Gemini-3.1-flash-live-preview: does input transcription add to token cost? (and can it be disabled?)

I’m modeling cost on Live API model gemini-3.1-flash-live-preview and want to know whether input audio transcription is billed.

What i measured: on identical audio, prompt token usage is byte-identical whether input transcription is requested or not — Input transcription appears to add no tokens — it seems derived from the already-tokenized audio.

Can someone confirm that’s correct — that input transcription is not separately billed (no hidden token or per-character charge)?

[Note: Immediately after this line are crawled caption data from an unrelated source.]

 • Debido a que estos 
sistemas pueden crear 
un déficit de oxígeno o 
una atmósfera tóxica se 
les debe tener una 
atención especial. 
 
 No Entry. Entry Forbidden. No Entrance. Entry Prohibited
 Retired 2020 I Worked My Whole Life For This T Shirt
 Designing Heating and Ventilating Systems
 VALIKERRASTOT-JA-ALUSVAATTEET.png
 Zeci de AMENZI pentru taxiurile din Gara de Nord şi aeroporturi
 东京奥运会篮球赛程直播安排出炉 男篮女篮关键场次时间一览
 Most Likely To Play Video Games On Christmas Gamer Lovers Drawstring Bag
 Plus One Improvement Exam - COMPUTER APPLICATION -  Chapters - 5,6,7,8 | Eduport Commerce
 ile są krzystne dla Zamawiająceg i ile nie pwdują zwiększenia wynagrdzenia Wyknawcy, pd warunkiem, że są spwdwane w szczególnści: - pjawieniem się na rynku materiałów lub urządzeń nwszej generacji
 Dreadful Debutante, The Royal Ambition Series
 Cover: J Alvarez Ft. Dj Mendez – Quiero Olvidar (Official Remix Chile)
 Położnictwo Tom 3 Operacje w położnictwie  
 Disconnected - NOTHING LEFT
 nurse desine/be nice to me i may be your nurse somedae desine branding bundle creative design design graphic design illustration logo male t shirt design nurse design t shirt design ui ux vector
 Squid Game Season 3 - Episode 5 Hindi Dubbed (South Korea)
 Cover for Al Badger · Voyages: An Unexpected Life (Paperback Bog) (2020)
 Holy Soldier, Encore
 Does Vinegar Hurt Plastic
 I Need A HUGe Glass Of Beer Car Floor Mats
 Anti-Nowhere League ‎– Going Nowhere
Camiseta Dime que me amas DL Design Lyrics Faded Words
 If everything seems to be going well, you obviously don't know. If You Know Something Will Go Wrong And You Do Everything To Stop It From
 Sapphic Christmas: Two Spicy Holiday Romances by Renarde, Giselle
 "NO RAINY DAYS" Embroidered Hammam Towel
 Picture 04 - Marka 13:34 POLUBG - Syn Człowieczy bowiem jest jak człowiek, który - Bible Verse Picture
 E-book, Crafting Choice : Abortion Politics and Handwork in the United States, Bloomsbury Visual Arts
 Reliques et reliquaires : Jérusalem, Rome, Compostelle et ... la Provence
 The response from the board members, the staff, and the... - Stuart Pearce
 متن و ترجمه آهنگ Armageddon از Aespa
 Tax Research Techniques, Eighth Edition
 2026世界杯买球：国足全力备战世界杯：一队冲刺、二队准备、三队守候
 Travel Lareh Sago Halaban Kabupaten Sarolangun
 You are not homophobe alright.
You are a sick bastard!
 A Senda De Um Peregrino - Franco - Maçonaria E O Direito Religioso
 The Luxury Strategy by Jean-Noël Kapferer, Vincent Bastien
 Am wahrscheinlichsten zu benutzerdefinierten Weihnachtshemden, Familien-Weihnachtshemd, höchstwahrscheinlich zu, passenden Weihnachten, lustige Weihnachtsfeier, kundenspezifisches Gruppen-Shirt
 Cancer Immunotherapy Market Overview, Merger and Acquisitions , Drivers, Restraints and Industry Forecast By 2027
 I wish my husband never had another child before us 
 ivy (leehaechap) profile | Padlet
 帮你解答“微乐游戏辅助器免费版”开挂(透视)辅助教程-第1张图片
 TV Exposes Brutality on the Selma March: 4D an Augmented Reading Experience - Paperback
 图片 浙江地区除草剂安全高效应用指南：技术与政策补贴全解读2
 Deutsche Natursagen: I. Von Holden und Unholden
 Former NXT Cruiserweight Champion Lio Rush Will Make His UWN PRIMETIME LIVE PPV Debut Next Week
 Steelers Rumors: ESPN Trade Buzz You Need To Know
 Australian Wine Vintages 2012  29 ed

Side finding: it can’t be disabled anyway

While testing we found server_content.input_transcription is returned on every turn regardless of input_audio_transcription — omitting the key, setting None, or using the typed config object all leave it on (output_audio_transcription is respected). input_audio_transcription=False is rejected by the SDK, and AudioTranscriptionConfig has no enable/disable field. So there’s no way to opt out.

Repro

import asyncio
from google import genai
from google.genai import types

MODEL = "gemini-3.1-flash-live-preview"
# PCM_16K_MONO = raw 16kHz mono PCM16 bytes of any short utterance

async def trial(label, request_input):
    cfg = {"response_modalities": ["AUDIO"], "output_audio_transcription": {}}
    if request_input:
        cfg["input_audio_transcription"] = {}   # else: omitted
    client = genai.Client()
    prompt_tok = n_in = 0
    async with client.aio.live.connect(model=MODEL, config=cfg) as s:
        await s.send_realtime_input(audio=types.Blob(data=PCM_16K_MONO, mime_type="audio/pcm;rate=16000"))
        sil = b"\x00" * (16000 * 2 // 10)
        for _ in range(15):
            await s.send_realtime_input(audio=types.Blob(data=sil, mime_type="audio/pcm;rate=16000"))
        await s.send_realtime_input(audio_stream_end=True)
        async for resp in s.receive():
            if resp.usage_metadata:
                prompt_tok += resp.usage_metadata.prompt_token_count or 0
            sc = resp.server_content
            if sc and sc.input_transcription and sc.input_transcription.text:
                n_in += 1
            if sc and sc.turn_complete:
                break
    print(f"[{label}] prompt_tokens={prompt_tok}  input_transcripts={n_in}")

async def main():
    await trial("input transcription requested", True)
    await trial("input transcription omitted",   False)

asyncio.run(main())

Output (identical audio, deterministic) — same tokens either way, and input transcription returns even when omitted:

[input transcription requested] prompt_tokens=296  input_transcripts=1
[input transcription omitted]   prompt_tokens=296  input_transcripts=1

Questions

  1. Is input transcription billed? Our data says no extra tokens — can you confirm there’s no separate charge?
  2. Is there any supported way to disable input transcription for this model?

Environment

google-genai 1.70.0 · Python 3.13.12 · response_modalities=["AUDIO"], 16 kHz mono PCM16, output_audio_transcription enabled.